Well it's impossible to have a list of any '1000 best of' that will be agreed by everyone. If you want to delve into the subject, it was a puplar subject in literature some time ago:
https://en.wikipedia.org/wiki/Western_canon#Debate
First, I don't understand what you mean by "having this sort of list internally". Wikipedia is completely open, so what does "internally" even mean?
Second, I don't understand your desire. Do you want more controversial topics? The goal of an encyclopedia is not to list/explain controversial topics[+], or am I mistaken somehow?
Third, to be concrete: who should come off the list and who should be on the list if you don't agree?
Fourth: if you don't agree on the list and can't come up with replacements, give us exactly the definitions that should be used to warrant inclusion. My guess is that these definitions / rules / decisions are so difficult to make in the first place, that agreeing on those rules is as difficult as agreeing on the people / topics that are included in the list.
[+] Definitely not to mark them as somehow more important than other subjects that are less controversial.
1. By "internally" I meant primarily for the purpose of Wikipedia itself, as opposed to closed. I admit the choice of term was poor or misleading.
2. I don't want more controversial topics, I just meant that I can see how Wikipedia would want to track or flag topics that are especially controversial. Controversiality (if that's even a thing) is just an example. I just meant I could see how Wikipedia would want to flag topics based on some quantitative criterion.
3. That's a big topic and I'd rather not delve into it. Some might be on such a list if I made one, but others would not, and still others that aren't on the list would be there. I think my underlying concern is that there shouldn't be a list at all. If it's important enough to be on Wikipedia, it is important.
4. Again, I wouldn't have a list of "importance." I would have a discussion of which topics should be flagged, and why--what the criteria are for deciding something should be flagged--and flag based on those criteria. My sense is it should be based on something objective and quantifiable.
Totally agree. I just read Earth [1] for the first time and it was really fascinating.
Don't forget to click on 'Level 1' in the top bar as well, to see the top 10 most important articles.
I know it's possible to download the entire Wikipedia database, but does anyone know of a way to download every article in this list? Preferably as a torrent.
Kiwix is a standalone viewer (Available as desktop, phone or web server [including a Sandstorm.io package which I put together]) for archived websites of various sorts, Wikipedia being the flagship. This link lists all available things, and it's countless. However if you ctrl-f for "physics" (and keep searching until you hit the language you want) you'll see that they have subsets of Wikipedia available that cater to many interests. Physics, basketball, "for schools", history, etc.
All content packages are indeed available as torrents.
You can start with the index page and collect all the page titles you're interested in, and then use the special:export API to download XML (probably other formats too) of all those pages.
I was about to say that a torrent is hardly necessary.
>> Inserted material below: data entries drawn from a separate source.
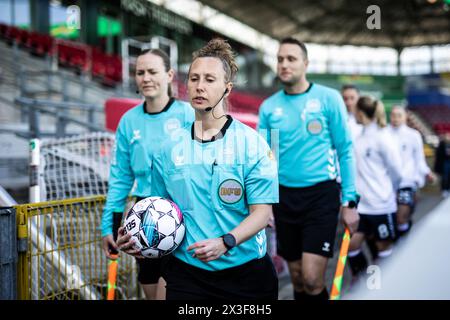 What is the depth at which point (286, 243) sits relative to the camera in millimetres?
3971

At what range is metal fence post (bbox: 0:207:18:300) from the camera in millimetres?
2939

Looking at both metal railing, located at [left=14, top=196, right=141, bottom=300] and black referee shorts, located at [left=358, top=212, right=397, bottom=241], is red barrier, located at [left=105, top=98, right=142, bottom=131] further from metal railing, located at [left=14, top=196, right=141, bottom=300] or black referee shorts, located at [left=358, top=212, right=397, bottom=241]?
black referee shorts, located at [left=358, top=212, right=397, bottom=241]

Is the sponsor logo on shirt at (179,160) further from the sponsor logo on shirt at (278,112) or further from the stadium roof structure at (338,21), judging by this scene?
the stadium roof structure at (338,21)

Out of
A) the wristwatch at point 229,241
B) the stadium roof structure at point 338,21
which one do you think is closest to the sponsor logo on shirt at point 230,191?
the wristwatch at point 229,241

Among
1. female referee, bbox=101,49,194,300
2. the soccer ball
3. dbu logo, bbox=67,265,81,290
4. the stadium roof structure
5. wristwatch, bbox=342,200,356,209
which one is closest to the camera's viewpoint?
the soccer ball

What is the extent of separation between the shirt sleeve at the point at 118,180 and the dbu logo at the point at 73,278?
0.48 m

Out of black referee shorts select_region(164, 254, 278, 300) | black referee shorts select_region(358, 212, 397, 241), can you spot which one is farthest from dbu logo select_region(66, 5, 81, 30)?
black referee shorts select_region(164, 254, 278, 300)

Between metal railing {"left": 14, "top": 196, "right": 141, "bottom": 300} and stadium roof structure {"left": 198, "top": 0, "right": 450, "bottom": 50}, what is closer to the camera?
metal railing {"left": 14, "top": 196, "right": 141, "bottom": 300}

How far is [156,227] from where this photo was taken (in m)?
2.30

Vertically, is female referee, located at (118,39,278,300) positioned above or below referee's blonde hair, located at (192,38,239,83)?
below

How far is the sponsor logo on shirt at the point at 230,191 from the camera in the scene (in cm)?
233

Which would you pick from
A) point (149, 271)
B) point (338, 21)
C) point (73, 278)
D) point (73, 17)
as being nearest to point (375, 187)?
point (149, 271) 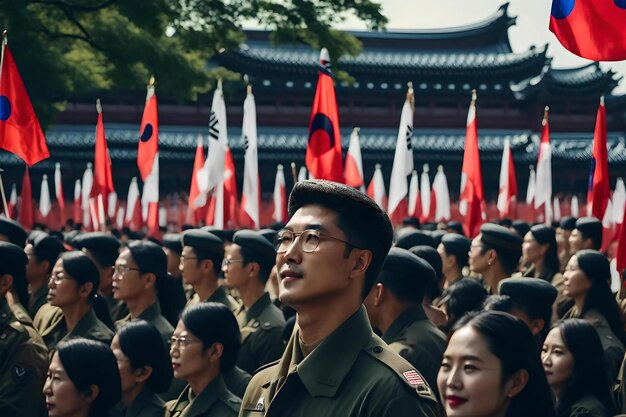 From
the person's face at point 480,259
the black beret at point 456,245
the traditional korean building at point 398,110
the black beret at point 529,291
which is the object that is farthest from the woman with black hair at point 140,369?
the traditional korean building at point 398,110

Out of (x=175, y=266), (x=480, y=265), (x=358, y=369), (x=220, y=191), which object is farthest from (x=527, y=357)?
(x=220, y=191)

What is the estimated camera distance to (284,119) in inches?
1179

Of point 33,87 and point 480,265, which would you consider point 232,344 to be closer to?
point 480,265

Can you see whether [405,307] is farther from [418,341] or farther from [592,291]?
[592,291]

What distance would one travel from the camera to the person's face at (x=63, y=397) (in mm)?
4023

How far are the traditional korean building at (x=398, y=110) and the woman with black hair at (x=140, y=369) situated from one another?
22.8 meters

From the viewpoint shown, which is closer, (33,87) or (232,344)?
(232,344)

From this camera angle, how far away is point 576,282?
620cm

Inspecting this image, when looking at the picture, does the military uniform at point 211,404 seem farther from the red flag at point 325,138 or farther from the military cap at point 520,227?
the military cap at point 520,227

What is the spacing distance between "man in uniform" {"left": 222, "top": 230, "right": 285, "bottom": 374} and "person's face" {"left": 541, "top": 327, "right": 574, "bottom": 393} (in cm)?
198

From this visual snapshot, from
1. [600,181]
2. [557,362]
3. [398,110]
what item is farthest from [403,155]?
A: [398,110]

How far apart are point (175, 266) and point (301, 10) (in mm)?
6738

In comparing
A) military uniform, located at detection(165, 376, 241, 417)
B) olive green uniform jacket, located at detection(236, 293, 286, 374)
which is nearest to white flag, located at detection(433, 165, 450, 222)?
olive green uniform jacket, located at detection(236, 293, 286, 374)

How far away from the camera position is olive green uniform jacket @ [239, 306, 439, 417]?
2443 mm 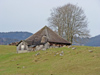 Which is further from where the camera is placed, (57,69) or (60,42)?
(60,42)

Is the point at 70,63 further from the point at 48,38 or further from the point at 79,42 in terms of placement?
the point at 79,42

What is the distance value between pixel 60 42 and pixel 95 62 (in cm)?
2255

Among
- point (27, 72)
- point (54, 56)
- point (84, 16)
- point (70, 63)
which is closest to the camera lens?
point (27, 72)

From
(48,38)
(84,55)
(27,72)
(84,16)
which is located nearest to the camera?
(27,72)

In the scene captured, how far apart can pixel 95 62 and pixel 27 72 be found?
8.19 m

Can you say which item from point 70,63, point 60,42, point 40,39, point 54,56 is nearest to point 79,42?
point 60,42

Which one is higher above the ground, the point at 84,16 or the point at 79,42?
the point at 84,16

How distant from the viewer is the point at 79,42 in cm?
5391

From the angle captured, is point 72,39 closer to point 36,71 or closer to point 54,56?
point 54,56

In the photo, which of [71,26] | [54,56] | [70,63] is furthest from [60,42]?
[70,63]

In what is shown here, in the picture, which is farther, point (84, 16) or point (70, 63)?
point (84, 16)

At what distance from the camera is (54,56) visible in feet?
84.6

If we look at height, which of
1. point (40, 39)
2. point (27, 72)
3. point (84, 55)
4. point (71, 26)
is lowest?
point (27, 72)

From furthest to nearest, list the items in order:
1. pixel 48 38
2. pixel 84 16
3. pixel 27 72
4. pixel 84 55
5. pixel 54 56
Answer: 1. pixel 84 16
2. pixel 48 38
3. pixel 54 56
4. pixel 84 55
5. pixel 27 72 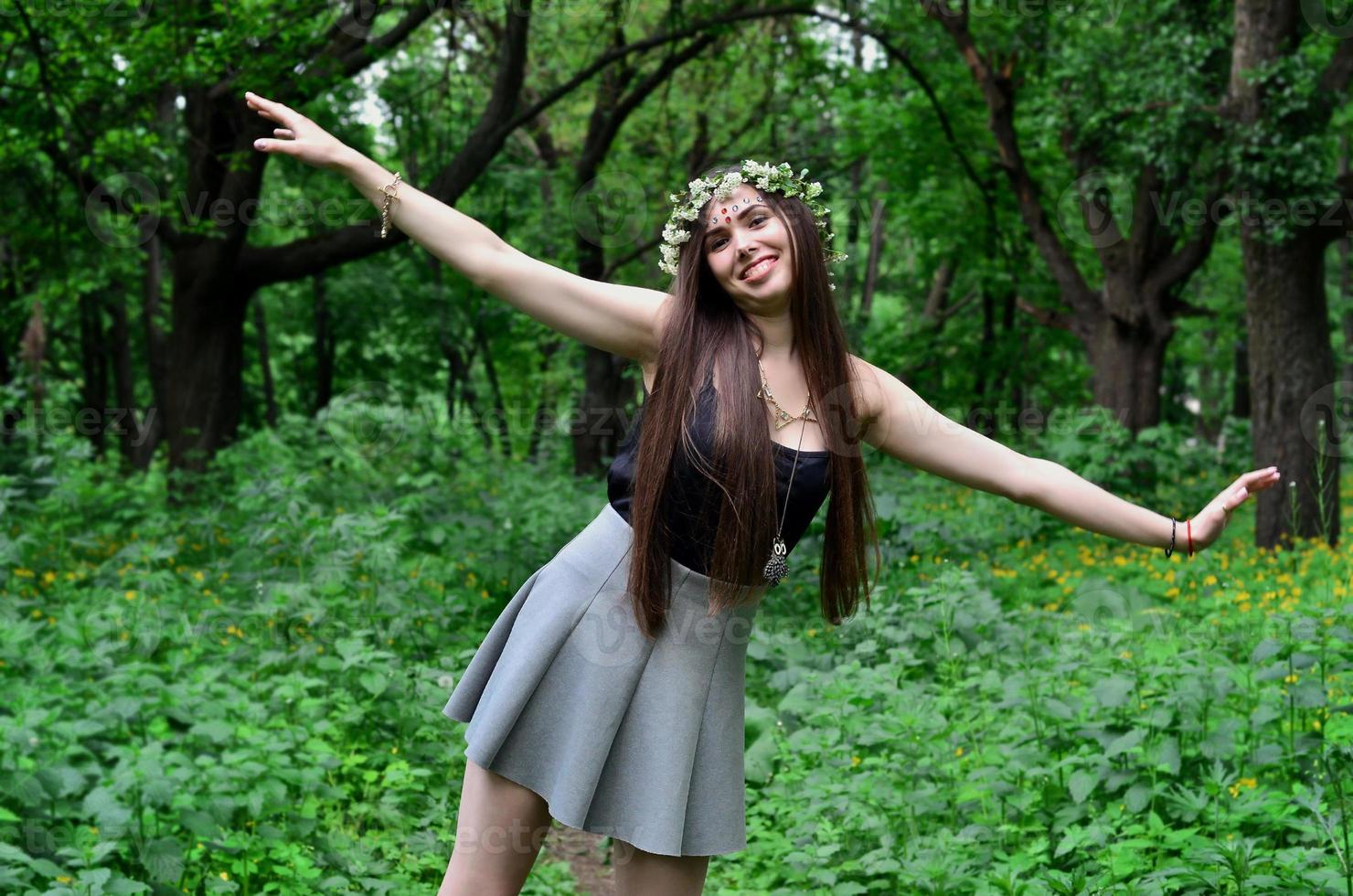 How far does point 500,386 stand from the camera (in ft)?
94.1

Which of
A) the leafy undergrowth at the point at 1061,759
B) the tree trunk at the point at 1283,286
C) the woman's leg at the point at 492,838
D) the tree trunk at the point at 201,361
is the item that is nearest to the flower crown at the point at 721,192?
the woman's leg at the point at 492,838

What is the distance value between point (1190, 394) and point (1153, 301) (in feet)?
90.6

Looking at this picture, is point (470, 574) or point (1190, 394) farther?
point (1190, 394)

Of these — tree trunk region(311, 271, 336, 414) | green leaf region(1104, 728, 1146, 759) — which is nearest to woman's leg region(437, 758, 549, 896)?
green leaf region(1104, 728, 1146, 759)

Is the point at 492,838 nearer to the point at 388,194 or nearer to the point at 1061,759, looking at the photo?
the point at 388,194

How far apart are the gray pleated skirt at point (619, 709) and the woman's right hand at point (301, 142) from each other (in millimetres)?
939

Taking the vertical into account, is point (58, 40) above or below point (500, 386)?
above

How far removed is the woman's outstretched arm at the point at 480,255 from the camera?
107 inches

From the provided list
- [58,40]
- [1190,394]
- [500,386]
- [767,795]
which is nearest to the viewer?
[767,795]

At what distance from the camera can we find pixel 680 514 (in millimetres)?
2693

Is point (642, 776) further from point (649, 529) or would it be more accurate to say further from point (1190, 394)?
point (1190, 394)

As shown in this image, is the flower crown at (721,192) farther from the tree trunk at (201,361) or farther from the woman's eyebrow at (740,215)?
the tree trunk at (201,361)

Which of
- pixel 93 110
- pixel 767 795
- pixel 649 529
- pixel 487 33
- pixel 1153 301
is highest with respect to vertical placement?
pixel 487 33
How big could a 1000 mostly-text files get? Pretty big as it turns out. Downloading a dozen random entries from that list, the sizes seem average around 2 MB, and that's including only the small images on each page (not the big picture you get when you click on an image). So 1000 entries at 2 MB each would be 2 GB.
Picking apart just one page (the Jane Austen entry), the plain ASCII text with no markup is only 88 KB. The 19 small images, plus some tiny buttons and logos, are 536 KB, and the markup (HTML, CSS, and whatnot) is 497 KB. I was surprised that Wikipedia, in terms of page weight, is mostly images and markup. (Not complaining, of course. Wikipedia is one of the few big sites on the web that doesn't throw in gratuitous and irrelevant images and videos.)
Not a torrent or a full solution but applying the regex
/wiki/(?!.\:)[aA-zZ0-9%()_]
on the source should select all the articles (along with some generic wikipedia links matched at the bottom), then batch adding "https://en.wikipedia.org" to the beginning of each line gives full urls.
Level 5 has 31 video game designers (under Artists, musicians, and composers -> Game and toy designers), including Shigeru Miyamoto as the only one also included in Level 4 (under Businesspeople). (Mario is the only fictional character from games included in Level 4.)
Notable omissions: Richard Stallman (Linus Torvalds is in), GNU (Linux is in), GPL, Free Software (Open-source software is in Level 4), Rust (Assembly, C, Java and Javascript are even in Level 4), Deep Learning, Hacker News (Reddit is in).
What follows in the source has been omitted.